The perspective in “Swan and Shadow” can be best understood as the perspective of a ghost. Hollander describes the speaker as a being that is able to“...take shape in the dark air” (line 14). Taking shape implies the state of shapelessness. “...in the dark air” (line 14) indicates the speaker is hovering in the air. There is no solid physical form belonging to the speaker. Able to form and dissolve and float, the speaker is a specter, simply ideas and consciousness collected. The specter is separated from the natural world by the veil of classification. The uncomfortable distance between human culture and nature, or rather the distinction between them at all, is made apparent through this perspective. Gofelty examines the way ecocriticism grounds literature in reality, writing, “we must conclude that literature does not float above the material world in some aesthetic ether, but, rather, plays a part in an immensely complex global system in which energy, matter and ideas interact” (Gofelty xix). While Gofelty analyzes the way literature and nature interact through criticism, Hollander analyzes it through a poem. Hollander comments through “Swan and Shadow” that there is a need to rethink the divide of nature and culture. “Swan and Shadow,” anticipates ecocriticism, showing the reader what happens when culture does “float above” (Hollander 177), what happens when humanity itself is relegated to a “...shape in the dark air” (Hollander 177). Using the perspective in “Swan and Shadow,” Hollander invites the reader to confront this reality, and, in involving the reader in it, amplifies the sense of separation of humans from nature.
Once Hollander and the reader are engaged in the poem, we do “a careful nothing.” The speaker cannot act, only think. In the essay in which he coined the term ecocriticism, William Rueckert brought together the theories of ecology and literature. He wrote, “In ecology, man’s tragic flaw is his anthropocentric vision, and his compulsion to conquer, domesticate, violate, and explore every natural thing” (Rueckert 133). The speaker cannot embody this flaw in “Swan and Shadow” by virtue of Hollander’s perspective. This poem is an exercise in the observation of nature, rather than the domestication. Nature is acting upon us, rather than humans acting upon nature.

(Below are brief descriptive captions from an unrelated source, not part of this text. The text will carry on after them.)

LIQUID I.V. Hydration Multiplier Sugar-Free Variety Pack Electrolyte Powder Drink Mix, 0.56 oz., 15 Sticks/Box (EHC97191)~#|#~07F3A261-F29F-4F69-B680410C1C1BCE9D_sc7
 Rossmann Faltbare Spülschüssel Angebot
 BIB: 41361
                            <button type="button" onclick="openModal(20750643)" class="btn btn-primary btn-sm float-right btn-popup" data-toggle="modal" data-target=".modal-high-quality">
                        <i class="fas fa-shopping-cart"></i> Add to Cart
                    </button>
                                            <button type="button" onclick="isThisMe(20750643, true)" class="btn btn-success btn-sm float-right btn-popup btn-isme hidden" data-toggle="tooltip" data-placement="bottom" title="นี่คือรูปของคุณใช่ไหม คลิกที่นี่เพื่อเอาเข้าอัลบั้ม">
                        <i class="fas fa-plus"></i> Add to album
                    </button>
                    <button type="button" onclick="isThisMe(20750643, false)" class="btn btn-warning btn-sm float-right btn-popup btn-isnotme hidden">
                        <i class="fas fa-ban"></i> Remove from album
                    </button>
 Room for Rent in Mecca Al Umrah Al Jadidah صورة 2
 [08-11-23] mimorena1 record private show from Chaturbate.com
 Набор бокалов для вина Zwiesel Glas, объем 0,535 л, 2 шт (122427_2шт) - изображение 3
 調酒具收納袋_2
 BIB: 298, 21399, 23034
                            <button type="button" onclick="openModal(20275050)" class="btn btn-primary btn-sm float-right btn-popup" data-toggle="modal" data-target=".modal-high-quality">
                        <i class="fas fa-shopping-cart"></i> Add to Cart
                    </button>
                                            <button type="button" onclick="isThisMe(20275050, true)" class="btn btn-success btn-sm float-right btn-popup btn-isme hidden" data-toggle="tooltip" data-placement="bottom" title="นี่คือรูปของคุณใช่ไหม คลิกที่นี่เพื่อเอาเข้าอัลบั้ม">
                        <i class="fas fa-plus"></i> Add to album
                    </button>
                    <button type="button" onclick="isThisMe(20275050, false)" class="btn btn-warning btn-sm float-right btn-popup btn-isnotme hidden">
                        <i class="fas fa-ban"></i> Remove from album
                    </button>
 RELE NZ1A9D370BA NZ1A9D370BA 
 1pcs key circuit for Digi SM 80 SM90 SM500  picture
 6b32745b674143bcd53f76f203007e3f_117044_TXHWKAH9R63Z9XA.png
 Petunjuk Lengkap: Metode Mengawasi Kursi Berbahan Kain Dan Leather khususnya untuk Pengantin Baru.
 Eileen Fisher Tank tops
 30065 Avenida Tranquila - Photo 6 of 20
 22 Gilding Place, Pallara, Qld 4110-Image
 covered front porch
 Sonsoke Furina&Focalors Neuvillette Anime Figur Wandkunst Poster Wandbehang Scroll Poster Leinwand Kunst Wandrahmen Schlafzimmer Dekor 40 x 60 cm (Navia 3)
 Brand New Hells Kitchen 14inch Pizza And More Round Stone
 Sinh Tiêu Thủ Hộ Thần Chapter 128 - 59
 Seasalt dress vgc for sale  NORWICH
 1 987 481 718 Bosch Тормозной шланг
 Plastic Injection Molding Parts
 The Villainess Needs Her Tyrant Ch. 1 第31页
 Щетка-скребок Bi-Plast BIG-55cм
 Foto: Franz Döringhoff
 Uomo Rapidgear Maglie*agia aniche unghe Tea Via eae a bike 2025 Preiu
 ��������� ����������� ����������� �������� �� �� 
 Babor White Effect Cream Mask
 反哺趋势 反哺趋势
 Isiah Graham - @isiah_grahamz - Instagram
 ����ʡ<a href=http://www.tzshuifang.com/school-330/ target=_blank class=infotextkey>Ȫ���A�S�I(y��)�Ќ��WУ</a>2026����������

That nature is an illusion. The title “Swan and Shadow,” alongside the shape of the poem, gestures at a swan. This black and white, two-dimensional thing tries to convey a swan and its shadow, but cannot capture the reality of a swan. A swan cannot be viewed at the angle that the poem’s form seems to mimic. The line between the swan and its shadow is not water. It can be extrapolated that it is meant to be water because the shadow is reflected over it, however, it does not look like water. It is still and solid. The shadow itself is also evidently disconnected from nature, still and solid. The form of the poem, when held up against the reality of a swan, shows the dissonance between the human interpretation of nature and the materiality of nature. The form of the swan and its shadow is a human-created thing of convenience.
For Hollander’s purposes, the form of “Swan and Shadow” allows him to play with time. The words in the curve of the neck jump over to the wing in a separation that allows for the conversation Hollander has within the poem. “In us…” (Hollander, line 13) appears within the neck, and then the concrete form of the poem allows a space before “...No Upon us” (Hollander, line 13), which is written in the wing. This spacing creates the effect of an answer and has the impact of a different speaker reacting to the first speaker’s question: in us? This form also allows him to play with time and converse with the speaker within the poem. In using the swan’s two-dimensional shape as the poem’s form, Hollander is able to take the separation of culture and nature to its logical extreme, where nature is objectified to serve culture’s purposes. Where, as Hollander writes, “this image bears its object darkening” (line 21). Hollander flattens and objectifies nature, and then places the reader in the scene, wrenched away from the physical world and left floating in the aesthetic ether.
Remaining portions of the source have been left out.